BEGIN
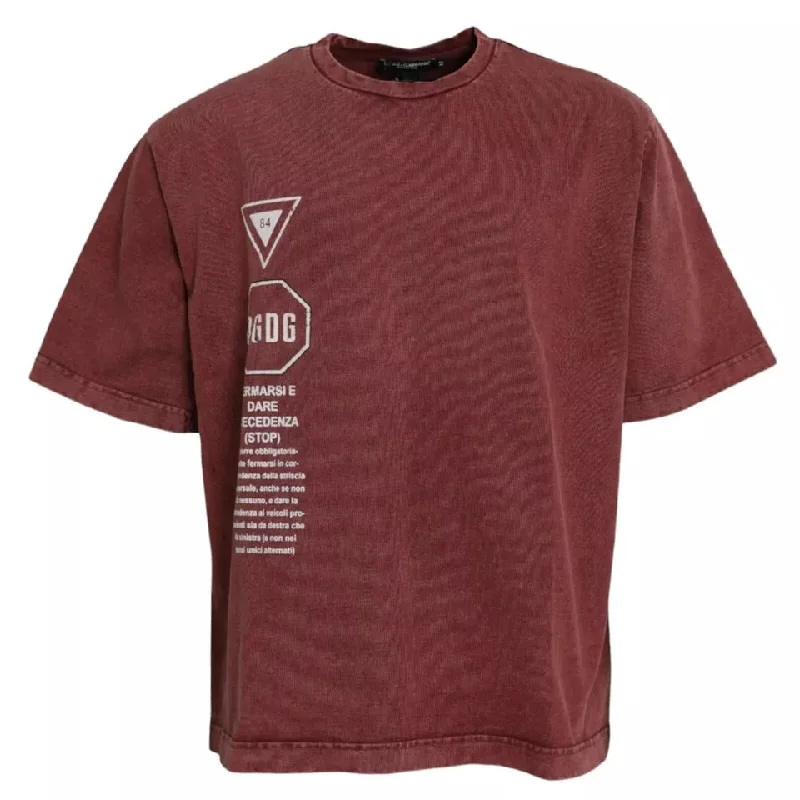 Men's ribbed t - shirts with a textured finish for added styleDolce & Gabbana Print Round Neck Short Sleeves Men's T-shirt (Pre-Owned) Men's ribbed t - shirts with a textured finish for added styleDolce & Gabbana Print Round Neck Short Sleeves Men's T-shirt (Pre-Owned)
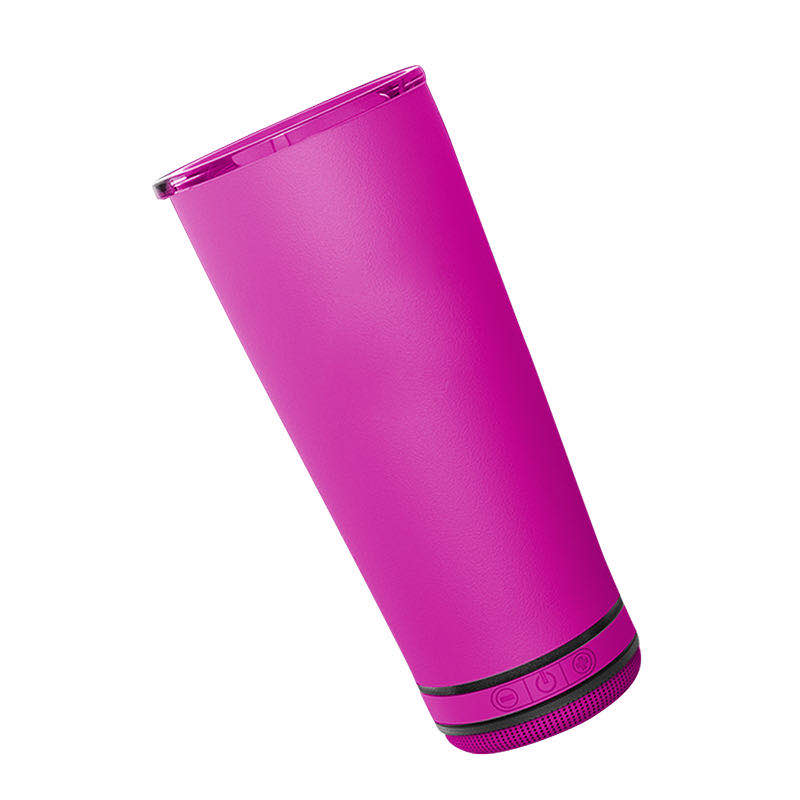 Стеклянный динамик vasos con bocinas, продовольственный класс 304 нержавеющая сталь, Беспроводная музыкальная чашка, чашка для воды, портативный Съемный bluetooth динамик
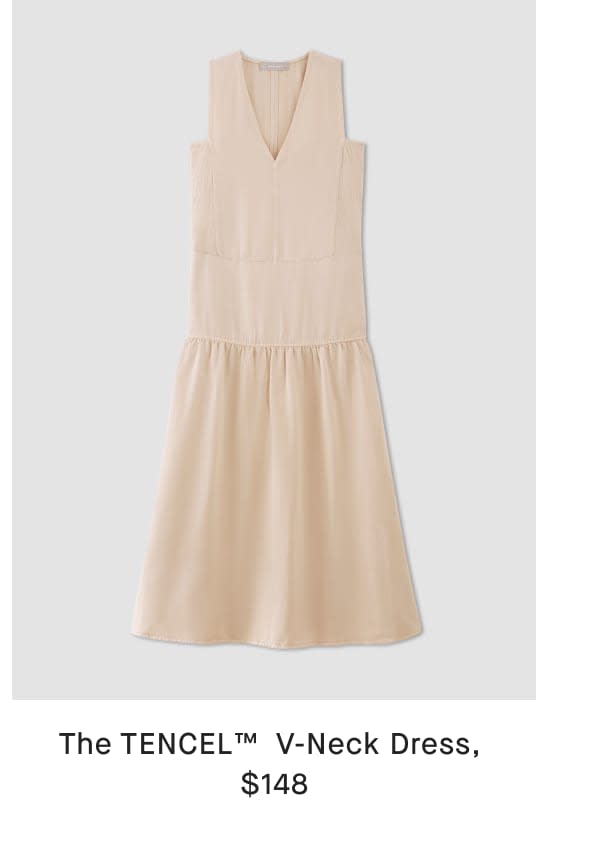 [Image]The TENCEL™ V-Neck Dress,
$148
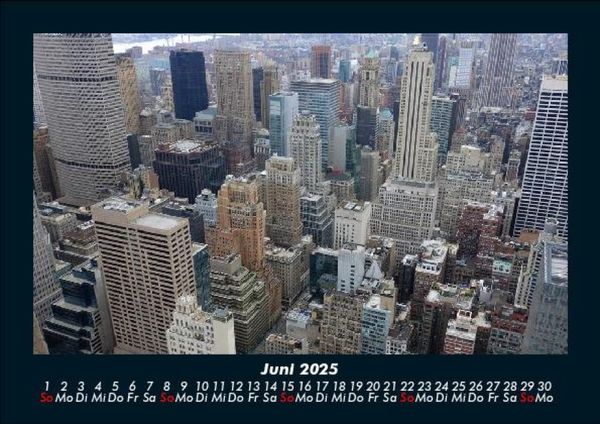 Produktbild: New York 2025 Fotokalender DIN A5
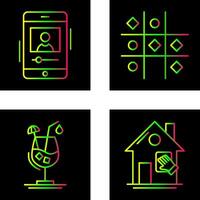 log and Tic Tac Toe Icon vector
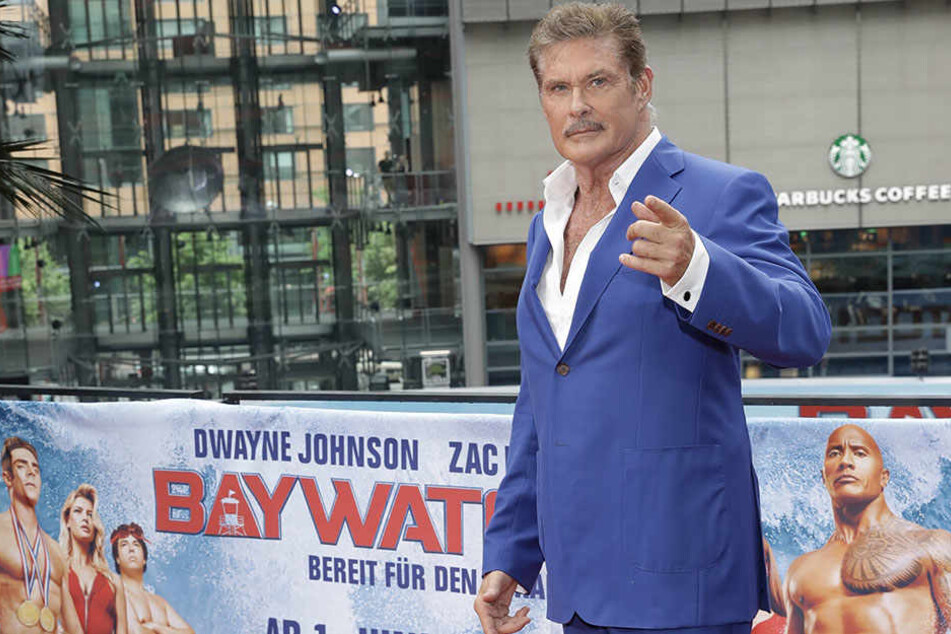 "The Hoff" bei einem Photocall anlässlich des Kinofilms "Baywatch", in dem er einen kleinen Gastauftritt hat.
END
Activity: Go back to the listing above and reproduce, exactly, the stretch from the line bearing "Стеклянный динамик vasos" through the line bearing "Produktbild: New York", without its pictures.

Exercise result:
 Стеклянный динамик vasos con bocinas, продовольственный класс 304 нержавеющая сталь, Беспроводная музыкальная чашка, чашка для воды, портативный Съемный bluetooth динамик
 [Image]The TENCEL™ V-Neck Dress,
$148
 Produktbild: New York 2025 Fotokalender DIN A5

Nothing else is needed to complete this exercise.